Kamala Harris proposes highest Capital Gains Tax in over 100 years for stocks and crypto

Earlier in 2024, there was a significant backlash to President Biden’s proposed tax plan, which would see capital gains taxes rise to their highest levels in 100 years, unrealized gains become taxable for some individuals, and corporate taxes see a substantial uptick.

Despite the passage of nearly five months and the changing of the Democratic Party candidate from Biden to Vice President Kamala Harris, the debate has not subsided and has, in several ways, only grown more intense.

Indeed, Harris historically endorsing measures deemed even more radical than the current President’s and her recent comments on price controls seeing her labeled a ‘communist’ have only stepped up the pressure on the campaign.

Why is the Harris tax plan so controversial?

For many in the U.S., the pressure on Harris can be seen as justified. The candidate has pledged to continue pushing for the outgoing President’s tax reform program, and her administration, if successful, would indeed see stock and cryptocurrency taxes go up to their highest levels in a century.

The presidential hopeful’s plan entails raising the upper limit to capital gains taxes from 37% to 39.4% and, if the original scheme is more closely implemented, to 44.6%.

There is also significant confusion about how the potential administration would handle cryptocurrencies

On the one hand, the Democratic Party has been tough on the sector and the Biden program was reported as intending to eliminate a special tax subsidy for digital assets and other transactions, thus significantly raising the burdens associated with actively engaging with the crypto markets.

On the other, Harris has made her intentions for a rapprochement with the industry known, casting some doubt on how the actual approach to cryptocurrencies might look, especially since the details have been severely lacking.

Finally, the plan would also raise the corporate tax rate from 21% to 28%, which, like many of the program’s other facets, could vicariously impact investors

The pros and cons of the Harris tax plan

Indeed, the Harris proposal is specifically intended to be progressive, meaning that the more one earns, the more one pays. For example, the hotly-contested unrealized gains tax would only apply to individuals with a net worth above $100 million. All the increases are intended to affect only those Americans making more than $400,000 annually.

Still, the ambitious nature of the plan means it is likely to have many unintended consequences and could require numerous contingencies to work as desired.

Historically, corporations have tended to offload their costs to workers and consumers, sometimes out of genuine necessity, sometimes to protect generous pay packages of executives and to finance stock buyback programs worth tens of billions of dollars.

Should companies opt for such an approach, many Americans could see their bills go up, their job opportunities go scarce, and their colleagues get axed. Simultaneously, as controversial as they are, a lack of funds for stock buyback programs could lead to substantially lower returns for investors.

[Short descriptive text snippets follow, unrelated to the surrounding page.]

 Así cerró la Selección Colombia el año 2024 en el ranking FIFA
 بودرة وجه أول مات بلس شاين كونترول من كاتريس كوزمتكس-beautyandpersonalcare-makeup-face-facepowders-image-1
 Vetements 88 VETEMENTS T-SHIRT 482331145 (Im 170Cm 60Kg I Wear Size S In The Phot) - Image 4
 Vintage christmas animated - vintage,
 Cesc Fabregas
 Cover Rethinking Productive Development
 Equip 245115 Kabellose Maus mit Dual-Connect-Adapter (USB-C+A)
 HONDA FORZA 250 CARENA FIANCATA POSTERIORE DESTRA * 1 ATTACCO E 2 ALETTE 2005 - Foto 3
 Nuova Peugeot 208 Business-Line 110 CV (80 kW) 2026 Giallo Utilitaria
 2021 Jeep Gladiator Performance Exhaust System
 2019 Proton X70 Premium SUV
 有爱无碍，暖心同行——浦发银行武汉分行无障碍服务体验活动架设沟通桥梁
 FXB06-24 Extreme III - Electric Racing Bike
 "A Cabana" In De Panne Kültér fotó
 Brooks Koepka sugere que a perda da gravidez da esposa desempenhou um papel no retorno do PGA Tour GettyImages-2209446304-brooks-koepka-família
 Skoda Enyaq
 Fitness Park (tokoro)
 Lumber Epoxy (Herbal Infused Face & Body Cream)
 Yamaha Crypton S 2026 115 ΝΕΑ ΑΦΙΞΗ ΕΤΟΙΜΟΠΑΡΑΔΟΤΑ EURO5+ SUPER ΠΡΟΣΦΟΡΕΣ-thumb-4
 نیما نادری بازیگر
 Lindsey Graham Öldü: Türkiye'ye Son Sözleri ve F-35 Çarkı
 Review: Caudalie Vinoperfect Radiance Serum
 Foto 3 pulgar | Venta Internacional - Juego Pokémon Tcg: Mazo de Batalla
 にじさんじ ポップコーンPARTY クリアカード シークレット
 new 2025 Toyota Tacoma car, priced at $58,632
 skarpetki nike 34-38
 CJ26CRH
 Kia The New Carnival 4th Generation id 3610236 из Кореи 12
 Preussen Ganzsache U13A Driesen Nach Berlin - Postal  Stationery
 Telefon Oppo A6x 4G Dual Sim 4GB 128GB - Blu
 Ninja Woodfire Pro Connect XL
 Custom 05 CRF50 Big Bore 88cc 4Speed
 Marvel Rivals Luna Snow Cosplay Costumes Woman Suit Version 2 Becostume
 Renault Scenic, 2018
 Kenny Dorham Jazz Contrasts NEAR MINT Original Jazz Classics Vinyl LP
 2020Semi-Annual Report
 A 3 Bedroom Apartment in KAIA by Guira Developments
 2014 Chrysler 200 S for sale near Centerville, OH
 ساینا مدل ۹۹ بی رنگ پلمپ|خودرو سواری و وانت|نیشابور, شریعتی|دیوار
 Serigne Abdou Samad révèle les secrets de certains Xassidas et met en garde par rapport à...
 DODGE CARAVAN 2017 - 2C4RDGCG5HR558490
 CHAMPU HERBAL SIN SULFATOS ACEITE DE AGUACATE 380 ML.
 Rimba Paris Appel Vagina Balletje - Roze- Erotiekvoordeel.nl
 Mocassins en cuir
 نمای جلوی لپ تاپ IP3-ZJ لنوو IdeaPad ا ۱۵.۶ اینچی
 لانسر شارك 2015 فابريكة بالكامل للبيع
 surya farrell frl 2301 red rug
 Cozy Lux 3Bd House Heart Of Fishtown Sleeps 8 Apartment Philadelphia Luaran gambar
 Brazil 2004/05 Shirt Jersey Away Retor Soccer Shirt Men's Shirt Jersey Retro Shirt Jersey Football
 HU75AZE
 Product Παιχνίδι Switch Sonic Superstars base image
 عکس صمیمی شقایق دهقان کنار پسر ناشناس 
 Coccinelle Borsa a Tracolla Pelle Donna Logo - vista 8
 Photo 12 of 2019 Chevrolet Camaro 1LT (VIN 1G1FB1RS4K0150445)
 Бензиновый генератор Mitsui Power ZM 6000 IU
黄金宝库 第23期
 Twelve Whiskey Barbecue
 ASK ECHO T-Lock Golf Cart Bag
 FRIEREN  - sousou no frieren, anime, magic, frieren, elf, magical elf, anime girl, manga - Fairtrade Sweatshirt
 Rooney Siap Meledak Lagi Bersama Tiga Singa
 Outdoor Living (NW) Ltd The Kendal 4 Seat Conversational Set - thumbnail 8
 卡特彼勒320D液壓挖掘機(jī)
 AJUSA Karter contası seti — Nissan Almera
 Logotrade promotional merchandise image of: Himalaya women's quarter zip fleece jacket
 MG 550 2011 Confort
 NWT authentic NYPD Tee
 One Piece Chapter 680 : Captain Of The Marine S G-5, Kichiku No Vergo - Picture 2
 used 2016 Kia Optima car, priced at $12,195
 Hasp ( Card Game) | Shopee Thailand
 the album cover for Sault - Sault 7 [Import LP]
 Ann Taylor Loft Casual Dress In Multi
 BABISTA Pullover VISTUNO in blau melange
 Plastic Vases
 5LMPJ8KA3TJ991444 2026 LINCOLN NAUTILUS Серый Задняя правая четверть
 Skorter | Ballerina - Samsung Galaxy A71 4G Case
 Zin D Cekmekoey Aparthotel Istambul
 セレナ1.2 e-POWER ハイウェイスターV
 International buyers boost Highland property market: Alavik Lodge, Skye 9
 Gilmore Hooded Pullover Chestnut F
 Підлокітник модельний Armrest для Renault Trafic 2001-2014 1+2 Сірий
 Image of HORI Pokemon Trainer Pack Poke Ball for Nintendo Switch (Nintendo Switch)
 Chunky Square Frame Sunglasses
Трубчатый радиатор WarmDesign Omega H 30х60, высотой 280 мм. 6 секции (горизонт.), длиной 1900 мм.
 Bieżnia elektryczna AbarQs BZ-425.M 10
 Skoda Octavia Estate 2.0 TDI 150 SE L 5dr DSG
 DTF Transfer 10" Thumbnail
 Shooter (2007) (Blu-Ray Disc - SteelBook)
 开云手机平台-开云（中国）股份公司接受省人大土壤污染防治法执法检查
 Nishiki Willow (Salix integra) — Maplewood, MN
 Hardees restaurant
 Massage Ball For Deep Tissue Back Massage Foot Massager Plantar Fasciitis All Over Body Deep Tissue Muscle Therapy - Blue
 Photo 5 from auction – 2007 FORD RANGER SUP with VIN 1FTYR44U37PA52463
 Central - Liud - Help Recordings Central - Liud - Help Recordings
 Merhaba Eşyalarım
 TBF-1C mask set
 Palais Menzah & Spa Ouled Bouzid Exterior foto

Such possible consequences not only make the plan more difficult to pass but would also likely require the creation of additional provisions and oversight mechanisms to ensure workers and consumers are not unjustly affected.

In turn, implementing such measures would likely drive enforcement costs up, damaging one of the program’s main goals – reducing the revenue-expenditure gap – and thus, again, making the plan harder to pass.

On the flip side, the plan, if successfully and correctly passed, could do much to address the chronic issues of corporate tax evasion, growing inequality, and apparent aberrations, such as the Boeing (NYSE: BA) CEO making more than $30 million in the same year his company’s planes became a meme for falling out of the sky.